Il en va de même côté Banque Centrale et de son action facilitatrice. Celle-ci est en mesure, -de façon exceptionnelle-, de monétiser une partie de ses réserves de change (142 jours d’importations 21,5 Md DT, là où d’ordinaire le pays fonctionne avec en moyenne avec 90 jours 13.6 Md DT), sous réserve là aussi de l’assentiment des institutions internationales (moratoire et gel provisoire sur une partie de la dette).

Si d’emblée, l’élargissement et le renforcement des moyens de la gestion publique (budgétaire et monétaire) s’apparentent déjà à une « mission impossible », que dire de la mise en œuvre de réformes dites structurelles ! Une série d’actions réformatrices qui aurait pour objet de réorienter graduellement et faire bifurquer l’ensemble du tissu économique et social vers un autre devenir plus viable, plus juste, plus soutenable. Pas d’inquiétude il ne se passera rien ! Ce gouvernement ne dispose ni des prérequis ni du « mindset » adéquat (vision d’avenir).

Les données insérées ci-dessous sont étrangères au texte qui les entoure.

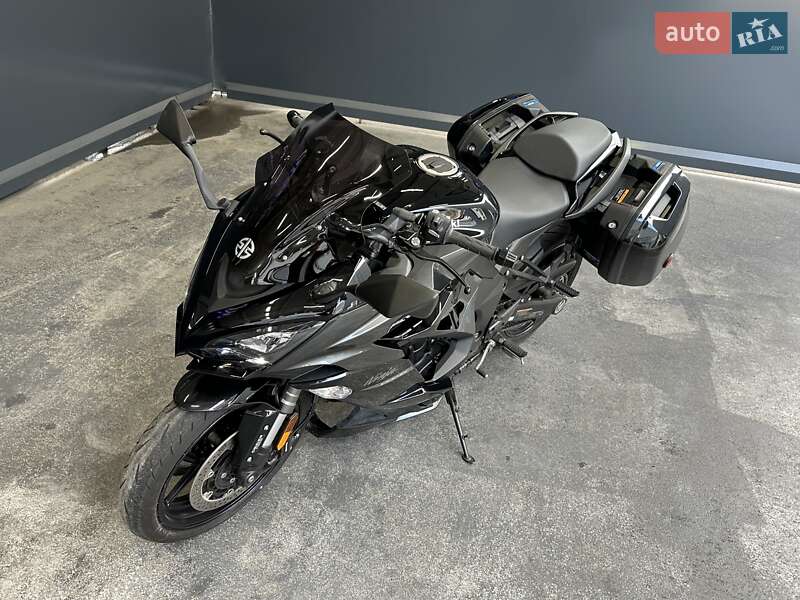 Мотоцикл Спорт-туризм Kawasaki Z 1000SX 2021 в Киеве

Engager le pays dans une nouvelle perspective de développement supposerait de lever les « verrous » qui bloquent toute mutation. Cela impliquerait de s’attaquer à toutes sortes de dispositifs législatifs, réglementaires, financiers, voire administratifs qui empêchent et cadenassent toute velléité de renouveau (tout aussi bien privée que publique), par les pratiques de cartellisation et d’accaparement des opportunités tout à la fois subtiles et extrêmement diverses ! Autant dire gravir la falaise, ce que ce gouvernement n’envisage pas, faute d’y être poussé par la pression populaire ! Pas plus qu’il ne conçoit un changement de cap, tant sa perception est empêtrée dans les schémas de pensée de l’orthodoxie néo-libérale encore très en vogue dans ce pays !

On observera pour conclure que le chef du gouvernement ne dit mot de l’incontournable lutte contre la corruption, la prédation et le népotisme qui gangrènent chaque jour un peu plus les restes de vitalité de ce pays !

Or ce qui n’est pas dit, n’est pas, dit le linguiste ! Ou de façon plus prosaïque : qui ne dit mot, consent !

Hadi Sraieb, Docteur d’Etat en économie du développement.

[1] Le kairos est le moment opportun d’une action décisive.